Mr. O'Barto said the proposed tax relief would cost Unity less than 2 percent of its $5 million annual budget, or about $90,000, and other funds can make up for the loss. One possibility is using annual oil and gas drilling fees the township receives from the county.

Officials at the Pennsylvania Municipal League said there are more than 2,500 townships, boroughs and cities in Pennsylvania, but they knew of no central list showing how many municipalities offer property tax rebates.

Ray Landis, spokesman for the state chapter of the American Association of Retired Persons, said he believes there are a number of communities in the state that grant similar property tax breaks, but didn't have specifics.

In Allegheny County, he said that O'Hara, Findlay and South Fayette, as well as the city of Pittsburgh and the county itself, provide property tax breaks to eligible seniors.

"AARP supports any efforts to allow seniors who have limited incomes to address the rising burden of property taxes," Mr. Landis said.

National Taxpayers Union spokesman Pete Sepp said tax rebates are fine as far as they go, but aren't as good as having a municipality reduce all its property taxes, which could lead to smaller municipal governments.

"But tax rebates are at least a start in the right direction," he said. He'd also like to see strict limits put on how much property taxes can be increased in any given year.

Mr. Sepp said school taxes are a special problem for senior citizens. Senior citizens almost never have children still in school, so eliminating school property taxes for seniors seemed fair to him. But doing so is difficult because of the large cost of public education and school districts can't afford to give up the tax money.

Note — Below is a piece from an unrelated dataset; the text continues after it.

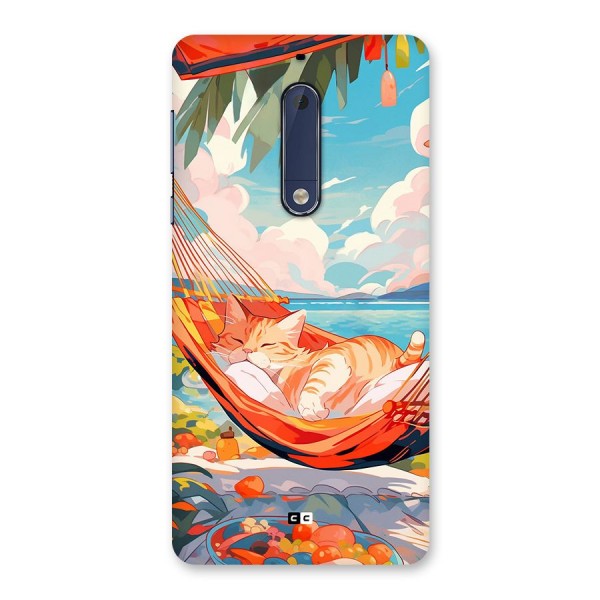 Cute Cat On Beach Back Case for Nokia 5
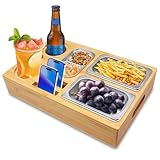 Couchbar Snackbox, Praktischer Sofatablett Snackbox mit Fächern, Abnehmbarer Deckel mit 3 Abnehmbarem Snackbox Edelstahl mit Getränkehalter für Wohnzimmer Garten Camping Couchbar Wohnmobil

The AARP's Mr. Landis said the state House has considered a bill that would allow school districts to give senior citizens -- subject to certain income limits -- a partial rebate on their school property taxes in exchange for the taxpayer agreeing to do volunteer work for the district, but the legislation hasn't been enacted.

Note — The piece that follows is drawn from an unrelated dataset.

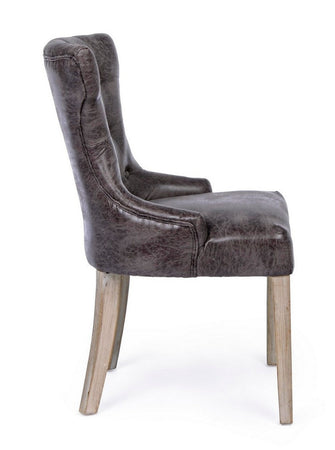 Sedia "Azelia" con struttura in rubber wood, per arredo interno 55 x 52 x h 92 cm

Some tax information, on a state-by-state basis, is contained in the U.S. Master Property Tax Guide, compiled in 2011 by Commerce Clearing House, Mr. Sepp said. According to that, seniors in Pennsylvania who are 65 and older are eligible for annual tax rebates of up to $650 on a "local option" basis, meaning their municipality must enact the relief.

Another wrinkle, he said, is that seniors with annual incomes of $30,000 or less can get additional relief if their total property tax bill exceeds 15 percent of their income.

In most states, the local-option tax break must be authorized by state officials, which Pennsylvania has done.

Mr. Sepp said the municipal property tax break is legal because all homeowners are taxed at the same rate.